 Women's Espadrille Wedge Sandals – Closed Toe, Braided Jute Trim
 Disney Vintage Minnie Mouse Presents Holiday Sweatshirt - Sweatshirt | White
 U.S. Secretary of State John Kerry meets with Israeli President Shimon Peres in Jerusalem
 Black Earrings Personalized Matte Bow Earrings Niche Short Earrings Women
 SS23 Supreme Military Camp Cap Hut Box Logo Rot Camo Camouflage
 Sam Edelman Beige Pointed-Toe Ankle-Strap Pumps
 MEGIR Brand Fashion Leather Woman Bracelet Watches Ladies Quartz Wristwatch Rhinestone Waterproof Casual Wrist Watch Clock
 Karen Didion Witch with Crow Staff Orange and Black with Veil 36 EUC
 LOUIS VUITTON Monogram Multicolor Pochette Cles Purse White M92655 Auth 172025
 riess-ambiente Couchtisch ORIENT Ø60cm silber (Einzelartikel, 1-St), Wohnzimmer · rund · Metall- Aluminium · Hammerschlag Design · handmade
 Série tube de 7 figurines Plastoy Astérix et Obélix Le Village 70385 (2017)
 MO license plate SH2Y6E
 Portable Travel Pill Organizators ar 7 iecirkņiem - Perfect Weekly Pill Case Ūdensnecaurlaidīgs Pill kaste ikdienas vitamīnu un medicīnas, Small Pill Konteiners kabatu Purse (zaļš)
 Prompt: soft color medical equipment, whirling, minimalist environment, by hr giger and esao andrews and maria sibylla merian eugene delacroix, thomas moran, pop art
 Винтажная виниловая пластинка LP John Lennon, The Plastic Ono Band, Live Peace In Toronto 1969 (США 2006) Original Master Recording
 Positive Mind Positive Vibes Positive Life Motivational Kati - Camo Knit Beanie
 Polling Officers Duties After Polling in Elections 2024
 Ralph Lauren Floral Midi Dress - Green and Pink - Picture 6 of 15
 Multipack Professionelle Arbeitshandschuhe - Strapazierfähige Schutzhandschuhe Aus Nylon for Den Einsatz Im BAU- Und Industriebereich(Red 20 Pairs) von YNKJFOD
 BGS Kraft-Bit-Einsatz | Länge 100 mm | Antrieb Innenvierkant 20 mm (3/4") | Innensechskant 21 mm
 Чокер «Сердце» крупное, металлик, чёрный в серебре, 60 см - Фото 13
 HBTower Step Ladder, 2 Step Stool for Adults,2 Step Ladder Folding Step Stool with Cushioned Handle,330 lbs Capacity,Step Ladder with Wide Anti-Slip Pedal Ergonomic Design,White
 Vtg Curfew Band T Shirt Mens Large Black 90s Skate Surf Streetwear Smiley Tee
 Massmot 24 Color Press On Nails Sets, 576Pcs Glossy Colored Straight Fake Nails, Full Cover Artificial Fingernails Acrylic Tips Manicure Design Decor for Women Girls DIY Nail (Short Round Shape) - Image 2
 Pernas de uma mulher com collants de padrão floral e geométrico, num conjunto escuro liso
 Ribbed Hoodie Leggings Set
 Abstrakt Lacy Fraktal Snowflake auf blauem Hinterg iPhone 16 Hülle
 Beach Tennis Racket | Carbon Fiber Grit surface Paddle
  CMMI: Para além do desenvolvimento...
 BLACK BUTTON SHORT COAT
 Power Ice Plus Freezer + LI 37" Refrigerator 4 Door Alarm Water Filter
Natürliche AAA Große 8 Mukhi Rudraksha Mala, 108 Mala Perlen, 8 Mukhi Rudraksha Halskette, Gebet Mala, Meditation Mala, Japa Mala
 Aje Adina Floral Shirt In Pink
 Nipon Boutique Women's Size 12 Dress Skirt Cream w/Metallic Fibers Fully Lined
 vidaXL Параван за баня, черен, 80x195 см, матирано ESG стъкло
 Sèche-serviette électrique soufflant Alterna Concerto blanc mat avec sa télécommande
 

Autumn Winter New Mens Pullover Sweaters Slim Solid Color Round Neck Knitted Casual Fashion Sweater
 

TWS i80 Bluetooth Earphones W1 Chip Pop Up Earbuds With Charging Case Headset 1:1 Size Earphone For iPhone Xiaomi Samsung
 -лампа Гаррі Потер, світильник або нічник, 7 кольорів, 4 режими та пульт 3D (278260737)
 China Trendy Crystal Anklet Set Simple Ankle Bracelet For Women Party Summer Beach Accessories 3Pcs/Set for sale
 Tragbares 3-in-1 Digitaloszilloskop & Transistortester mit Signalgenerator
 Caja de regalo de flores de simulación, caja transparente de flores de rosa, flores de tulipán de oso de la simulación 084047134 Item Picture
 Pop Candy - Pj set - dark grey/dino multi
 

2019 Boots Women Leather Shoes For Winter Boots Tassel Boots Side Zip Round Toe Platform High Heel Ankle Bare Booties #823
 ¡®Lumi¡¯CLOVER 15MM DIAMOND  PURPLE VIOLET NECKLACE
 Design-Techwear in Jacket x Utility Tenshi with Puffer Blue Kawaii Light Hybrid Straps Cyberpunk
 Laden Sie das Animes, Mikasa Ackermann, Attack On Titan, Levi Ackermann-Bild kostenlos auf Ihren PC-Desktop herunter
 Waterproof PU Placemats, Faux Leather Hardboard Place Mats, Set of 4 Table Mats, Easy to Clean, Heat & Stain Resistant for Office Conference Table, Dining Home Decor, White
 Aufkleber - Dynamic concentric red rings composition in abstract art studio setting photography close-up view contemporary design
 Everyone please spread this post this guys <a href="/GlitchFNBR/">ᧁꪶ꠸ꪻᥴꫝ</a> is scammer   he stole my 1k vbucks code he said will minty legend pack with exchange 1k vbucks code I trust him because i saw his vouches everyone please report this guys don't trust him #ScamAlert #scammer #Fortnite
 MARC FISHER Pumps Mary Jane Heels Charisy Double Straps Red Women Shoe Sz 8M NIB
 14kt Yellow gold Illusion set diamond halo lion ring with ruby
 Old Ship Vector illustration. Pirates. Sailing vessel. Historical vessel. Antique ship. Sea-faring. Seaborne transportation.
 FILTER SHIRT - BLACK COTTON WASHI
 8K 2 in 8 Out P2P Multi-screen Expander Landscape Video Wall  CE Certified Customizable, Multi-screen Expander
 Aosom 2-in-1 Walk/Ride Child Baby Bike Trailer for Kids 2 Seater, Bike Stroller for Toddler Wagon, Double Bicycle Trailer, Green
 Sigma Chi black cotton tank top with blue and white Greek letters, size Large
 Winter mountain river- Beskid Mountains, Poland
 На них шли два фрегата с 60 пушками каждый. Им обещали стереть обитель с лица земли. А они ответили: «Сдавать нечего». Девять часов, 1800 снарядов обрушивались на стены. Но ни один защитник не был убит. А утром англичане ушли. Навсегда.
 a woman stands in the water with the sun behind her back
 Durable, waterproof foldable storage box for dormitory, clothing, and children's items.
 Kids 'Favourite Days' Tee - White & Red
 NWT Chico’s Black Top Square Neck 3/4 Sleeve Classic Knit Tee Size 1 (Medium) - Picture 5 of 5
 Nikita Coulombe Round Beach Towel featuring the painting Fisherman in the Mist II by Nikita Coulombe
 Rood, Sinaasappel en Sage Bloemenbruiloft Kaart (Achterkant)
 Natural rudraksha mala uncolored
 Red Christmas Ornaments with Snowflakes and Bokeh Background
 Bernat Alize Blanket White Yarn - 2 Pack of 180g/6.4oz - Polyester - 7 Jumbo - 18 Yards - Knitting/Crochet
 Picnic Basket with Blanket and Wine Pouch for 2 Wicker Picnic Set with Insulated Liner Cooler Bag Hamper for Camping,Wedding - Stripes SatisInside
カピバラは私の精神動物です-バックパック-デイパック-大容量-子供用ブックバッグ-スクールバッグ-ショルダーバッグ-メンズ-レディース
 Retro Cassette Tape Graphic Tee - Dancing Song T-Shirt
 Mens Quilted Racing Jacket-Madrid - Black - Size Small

● ● ● ●

▶ **What to produce**:
Send back exactly the lines of the listing above starting at the one with "a woman stands" and ending at the one with "NWT Chico’s Black", inclusive, and no others.

▶ **Answer to the exercise**:
 a woman stands in the water with the sun behind her back
 Durable, waterproof foldable storage box for dormitory, clothing, and children's items.
 Kids 'Favourite Days' Tee - White & Red
 NWT Chico’s Black Top Square Neck 3/4 Sleeve Classic Knit Tee Size 1 (Medium) - Picture 5 of 5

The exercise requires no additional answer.